Answer:
Δx = 100 − 50/a
a = 2/3
Explanation:
Since both particles undergo constant acceleration, their positions and velocities can be modeled using kinematics. Two such kinematic equations are:
x = x₀ + v₀ t + ½ at²
v = v₀ + at
where x is the final position, x₀ is the initial position, v₀ is the initial velocity, v is the final velocity, a is acceleration, and t is time.
Particle A moves at steady speed, so its acceleration is zero. If we say that particle A starts at the origin, then the position of particle A at time t is:
x₁ = 0 m + (10 m/s) t + ½ (0 m/s²) t²
x₁ = 10t
And the velocity of particle A at time t is:
v₁ = 10 m/s + (0 m/s²) t
v₁ = 10
Particle B starts at rest, so v₀ is zero. Since particle B starts moving 100 meters ahead of particle A, then the position of particle B at time t is:
x₂ = 100 m + (0 m/s) t + ½ at²
x₂ = 100 + ½ at²
And the velocity of particle B at time t is:
v₂ = 0 m/s + at
v₂ = at
The difference between the positions of the particles is:
Δx = x₂ − x₁
Δx = (100 + ½ at²) − (10t)
Δx = ½ at² − 10t + 100
This is a quadratic equation. The vertex of a parabola occurs at x = -b / 2a, where a is the coefficient of the squared term and b is the coefficient of the linear term.

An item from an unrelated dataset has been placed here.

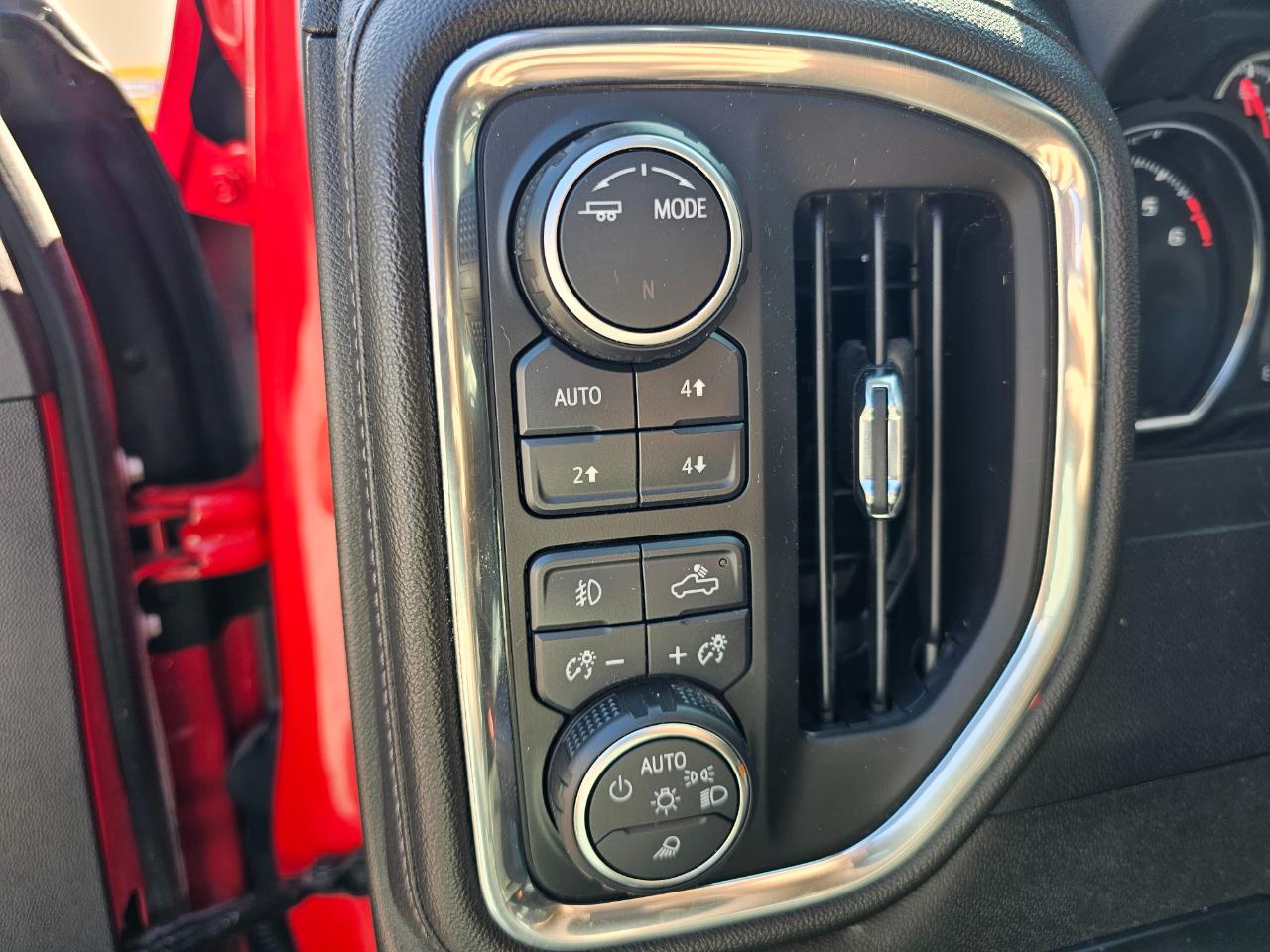 Chevrolet Silverado 2500HD 4WD Crew Cab 159" LTZ 2023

So the minimum distance between the particles occurs at time:
t = -(-10) / 2 (½ a)
t = 10 / a
The velocity of particle B at this time is:
v₂ = a (10/a)
v₂ = 10
Therefore, the distance between the particles is a minimum when they have the same speed.
This minimum distance is:
Δx = 100 + ½ a (10/a)² − 10 (10/a)
Δx = 100 + 50/a − 100/a
Δx = 100 − 50/a
If the shortest distance is 25 m, then the value of a is:
25 = 100 − 50/a
50/a = 75
a = 2/3